Des étudiants masqués ont cherché des médicaments dans un bâtiment de la faculté transformé en clinique en raison d’une épidémie de méningite au Royaume-Uni, qui a déjà causé la mort de deux personnes. Le ministre de la Santé Wes Streeting a indiqué que la majorité des cas, passés de 15 à 20 mercredi, étaient liés à une discothèque de Canterbury, le Club Chemistry, fréquentée par des étudiants de l’université du Kent.


Des étudiants portant des masques font la queue pour recevoir des médicaments dans un bâtiment de la faculté réaménagé en clinique. Cette image frappante illustre la crise sanitaire qui touche le Royaume-Uni, où une épidémie de méningite est en cours. Deux décès ont déjà été enregistrés. Le nombre total de cas signalés aux autorités sanitaires, tous des jeunes adultes, est passé de 15 à 20 mercredi. « De toute ma carrière, il s’agit de loin de l’épidémie de méningite qui s’est propagée le plus rapidement », a déclaré le Dr Thomas Waite, médecin-chef adjoint de l’Angleterre.

Le ministre de la Santé, Wes Streeting, a précisé que la majorité des cas est liée à une discothèque de Canterbury, le Club Chemistry, qui attire des étudiants de l’université du Kent. Le Premier ministre britannique, Keir Starmer, a appelé mercredi les personnes ayant fréquenté cet établissement les 5, 6 et 7 mars à se signaler pour recevoir des antibiotiques. Environ 2 000 personnes ont visité le club durant ces trois soirées.

Depuis mercredi après-midi, les étudiants résidant sur le campus peuvent également se faire vacciner. Ils étaient nombreux à faire la queue devant le centre sportif de l’établissement où se déroulent les vaccinations. L’agence sanitaire UKHSA a indiqué que « jusqu’à 5 000 étudiants » pourront bénéficier de cette vaccination.

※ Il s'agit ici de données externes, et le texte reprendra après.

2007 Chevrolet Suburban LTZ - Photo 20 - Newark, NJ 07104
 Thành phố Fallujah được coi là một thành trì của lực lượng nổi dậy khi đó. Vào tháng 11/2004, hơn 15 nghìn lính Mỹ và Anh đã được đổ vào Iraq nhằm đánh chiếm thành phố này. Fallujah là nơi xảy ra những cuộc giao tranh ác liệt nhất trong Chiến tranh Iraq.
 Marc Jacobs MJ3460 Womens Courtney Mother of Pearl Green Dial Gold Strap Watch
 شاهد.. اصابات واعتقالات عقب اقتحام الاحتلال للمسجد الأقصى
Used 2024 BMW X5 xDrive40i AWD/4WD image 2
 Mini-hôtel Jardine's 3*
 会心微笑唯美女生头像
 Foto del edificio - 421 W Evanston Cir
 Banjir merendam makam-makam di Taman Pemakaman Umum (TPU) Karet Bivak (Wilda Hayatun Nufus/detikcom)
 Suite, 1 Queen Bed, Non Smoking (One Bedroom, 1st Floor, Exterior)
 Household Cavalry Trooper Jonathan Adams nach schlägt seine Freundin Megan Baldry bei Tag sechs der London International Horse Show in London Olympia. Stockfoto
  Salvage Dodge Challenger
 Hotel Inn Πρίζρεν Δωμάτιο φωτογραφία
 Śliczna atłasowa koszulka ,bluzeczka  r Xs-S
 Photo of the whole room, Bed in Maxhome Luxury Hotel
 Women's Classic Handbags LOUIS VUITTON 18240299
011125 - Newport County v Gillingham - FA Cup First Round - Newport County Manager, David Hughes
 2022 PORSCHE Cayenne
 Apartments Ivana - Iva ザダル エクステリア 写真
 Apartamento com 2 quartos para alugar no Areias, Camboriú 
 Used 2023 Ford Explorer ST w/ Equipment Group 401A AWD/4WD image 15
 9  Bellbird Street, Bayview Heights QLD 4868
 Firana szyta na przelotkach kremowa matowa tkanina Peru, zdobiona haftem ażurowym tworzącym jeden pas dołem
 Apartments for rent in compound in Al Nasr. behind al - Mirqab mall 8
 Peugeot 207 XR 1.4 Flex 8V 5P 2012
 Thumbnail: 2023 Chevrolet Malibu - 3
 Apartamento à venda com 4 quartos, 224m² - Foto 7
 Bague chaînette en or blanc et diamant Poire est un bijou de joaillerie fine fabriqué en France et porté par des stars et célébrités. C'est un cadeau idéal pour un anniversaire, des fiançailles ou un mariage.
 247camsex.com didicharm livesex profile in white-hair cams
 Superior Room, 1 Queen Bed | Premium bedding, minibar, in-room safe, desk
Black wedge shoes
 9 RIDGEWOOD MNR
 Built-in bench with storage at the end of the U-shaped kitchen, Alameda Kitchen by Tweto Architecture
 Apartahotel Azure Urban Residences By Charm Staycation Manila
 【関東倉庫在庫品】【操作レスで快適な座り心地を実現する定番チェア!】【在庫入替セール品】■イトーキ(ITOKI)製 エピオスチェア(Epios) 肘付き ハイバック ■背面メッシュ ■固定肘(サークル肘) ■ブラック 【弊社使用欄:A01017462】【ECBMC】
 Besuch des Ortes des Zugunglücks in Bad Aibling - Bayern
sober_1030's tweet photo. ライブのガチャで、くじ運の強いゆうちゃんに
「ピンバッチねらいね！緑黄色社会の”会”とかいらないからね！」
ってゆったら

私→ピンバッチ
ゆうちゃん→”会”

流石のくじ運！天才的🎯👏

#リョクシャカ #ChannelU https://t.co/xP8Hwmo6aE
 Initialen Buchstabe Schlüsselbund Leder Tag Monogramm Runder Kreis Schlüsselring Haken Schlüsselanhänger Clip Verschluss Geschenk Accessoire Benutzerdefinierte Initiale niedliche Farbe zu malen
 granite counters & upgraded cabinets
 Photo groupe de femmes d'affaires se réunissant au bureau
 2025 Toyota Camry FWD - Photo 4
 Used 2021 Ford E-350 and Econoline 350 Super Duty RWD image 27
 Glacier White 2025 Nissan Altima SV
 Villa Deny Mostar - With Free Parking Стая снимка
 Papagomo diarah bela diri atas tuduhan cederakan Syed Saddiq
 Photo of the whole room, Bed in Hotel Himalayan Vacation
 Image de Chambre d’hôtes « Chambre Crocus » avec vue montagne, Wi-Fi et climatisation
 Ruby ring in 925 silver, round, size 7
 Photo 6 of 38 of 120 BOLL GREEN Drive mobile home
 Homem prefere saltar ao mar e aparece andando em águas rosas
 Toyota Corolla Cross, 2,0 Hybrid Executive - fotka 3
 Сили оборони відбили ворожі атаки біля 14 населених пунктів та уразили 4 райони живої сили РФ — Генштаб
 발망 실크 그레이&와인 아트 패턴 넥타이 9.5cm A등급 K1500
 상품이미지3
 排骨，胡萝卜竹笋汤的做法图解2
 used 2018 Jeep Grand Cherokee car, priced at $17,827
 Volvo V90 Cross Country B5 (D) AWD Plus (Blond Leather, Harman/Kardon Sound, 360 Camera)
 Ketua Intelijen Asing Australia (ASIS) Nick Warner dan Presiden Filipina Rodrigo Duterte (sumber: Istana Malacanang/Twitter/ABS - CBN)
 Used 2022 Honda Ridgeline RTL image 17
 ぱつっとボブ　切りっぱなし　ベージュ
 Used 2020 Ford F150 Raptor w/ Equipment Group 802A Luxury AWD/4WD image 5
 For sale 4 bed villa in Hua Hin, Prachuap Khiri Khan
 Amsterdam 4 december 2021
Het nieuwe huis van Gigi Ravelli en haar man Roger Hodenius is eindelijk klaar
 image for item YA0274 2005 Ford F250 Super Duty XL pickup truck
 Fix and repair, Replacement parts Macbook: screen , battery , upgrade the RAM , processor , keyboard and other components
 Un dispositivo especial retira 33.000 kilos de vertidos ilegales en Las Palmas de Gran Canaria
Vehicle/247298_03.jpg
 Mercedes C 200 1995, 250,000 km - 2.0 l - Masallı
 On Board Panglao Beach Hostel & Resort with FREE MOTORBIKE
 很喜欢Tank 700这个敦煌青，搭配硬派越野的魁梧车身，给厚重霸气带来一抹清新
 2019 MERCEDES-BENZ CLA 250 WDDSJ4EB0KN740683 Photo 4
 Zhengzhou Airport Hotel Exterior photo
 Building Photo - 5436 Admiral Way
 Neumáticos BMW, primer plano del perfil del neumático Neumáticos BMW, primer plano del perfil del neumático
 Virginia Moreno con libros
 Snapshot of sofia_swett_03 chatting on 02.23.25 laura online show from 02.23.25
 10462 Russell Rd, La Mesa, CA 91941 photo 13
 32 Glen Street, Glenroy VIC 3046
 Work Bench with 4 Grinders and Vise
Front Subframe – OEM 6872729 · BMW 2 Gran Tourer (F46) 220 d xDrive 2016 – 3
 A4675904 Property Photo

## Crainte d’une propagation de l’épidémie

Devant les députés, Keir Starmer a exprimé ses condoléances aux proches des deux jeunes décédés, une élève de terminale de 18 ans nommée Juliette et un étudiant de 21 ans de l’université du Kent. « D’autres sont gravement malades », a-t-il souligné. Le ministre de la Santé a également fait part de sa préoccupation. « Ce qui nous inquiète […], c’est la rapidité et l’ampleur de la propagation de la maladie – c’est sans précédent. »

La crainte d’une propagation accrue de l’épidémie se renforce, et l’agence a mis en garde mercredi les professionnels de santé en Angleterre, leur demandant d’être en « haut degré de suspicion lorsqu’un jeune de 16 à 30 ans consulte pour des symptômes » pouvant correspondre à la méningite. Une des personnes infectées a été admise dans un hôpital londonien, mais elle n’a pas « eu de contacts avec la population locale à Londres », a-t-elle également précisé.

## Une personne hospitalisée en France

Des chercheurs en laboratoire s’efforcent de déterminer si cette propagation est liée à une éventuelle souche mutante du méningocoque B, d’après l’agence britannique PA. Les méningites bactériennes, qui sont moins fréquentes que les virales, peuvent être mortelles si elles ne sont pas traitées rapidement et, même dans le cas d’un traitement, présentent un risque élevé de mortalité et de séquelles graves.

Par ailleurs, le ministère de la Santé français a confirmé qu’une personne ayant fréquenté l’université du Kent est actuellement hospitalisée dans un état stable en France.